**MATERIALS PROVIDED**:

***

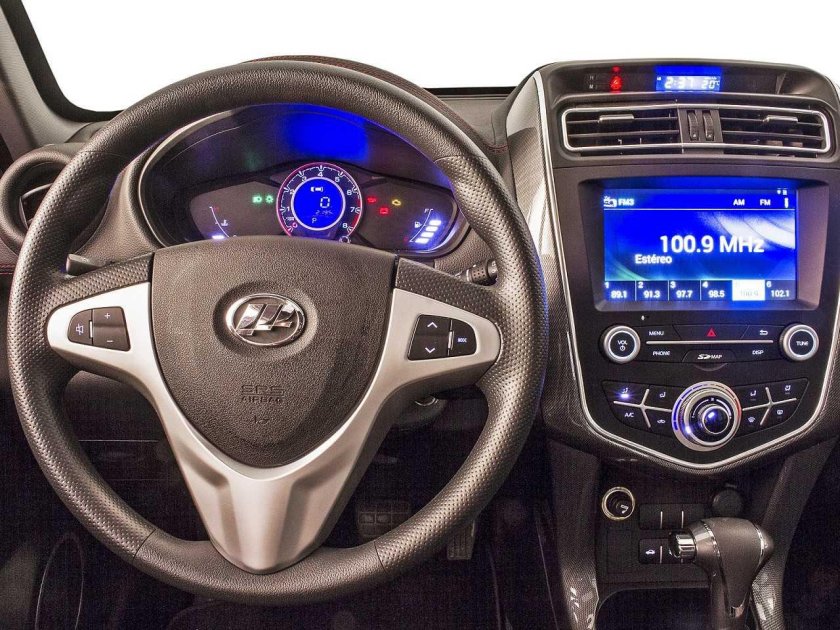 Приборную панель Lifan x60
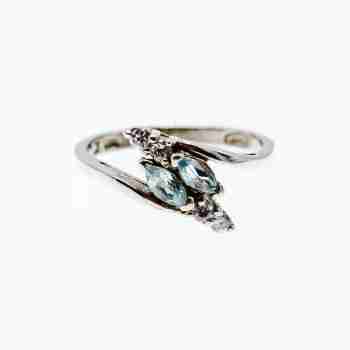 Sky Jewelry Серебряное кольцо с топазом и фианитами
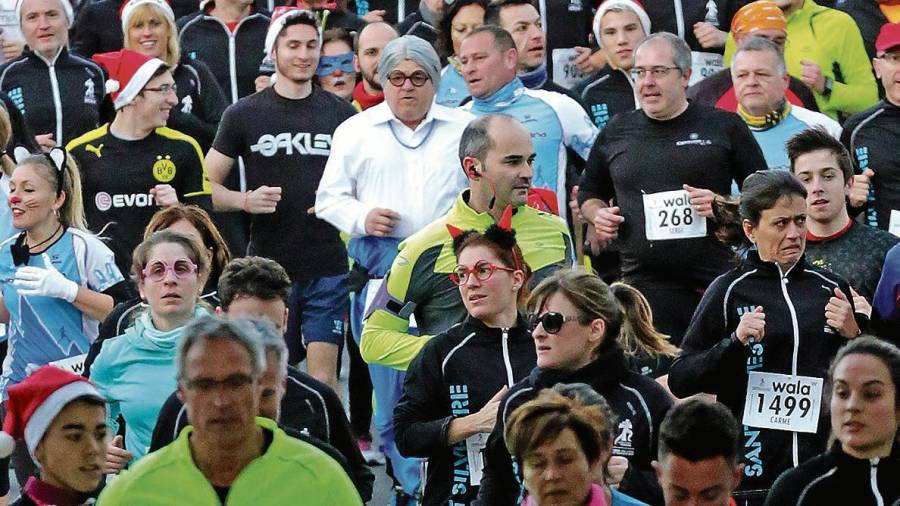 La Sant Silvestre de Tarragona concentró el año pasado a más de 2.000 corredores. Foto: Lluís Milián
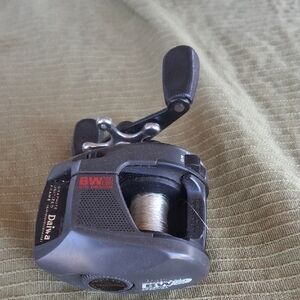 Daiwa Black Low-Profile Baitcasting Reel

***

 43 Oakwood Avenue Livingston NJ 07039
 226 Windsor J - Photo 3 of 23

***

**TASK**: Given the entries above, transcribe exactly the lines from the one holding "Приборную панель Lifan x60" through the one holding "Daiwa Black Low-Profile Baitcasting Reel"; pictures do not belong in the transcription.

**EXERCISE RESULT**:
 Приборную панель Lifan x60
 Sky Jewelry Серебряное кольцо с топазом и фианитами
 La Sant Silvestre de Tarragona concentró el año pasado a más de 2.000 corredores. Foto: Lluís Milián
 Daiwa Black Low-Profile Baitcasting Reel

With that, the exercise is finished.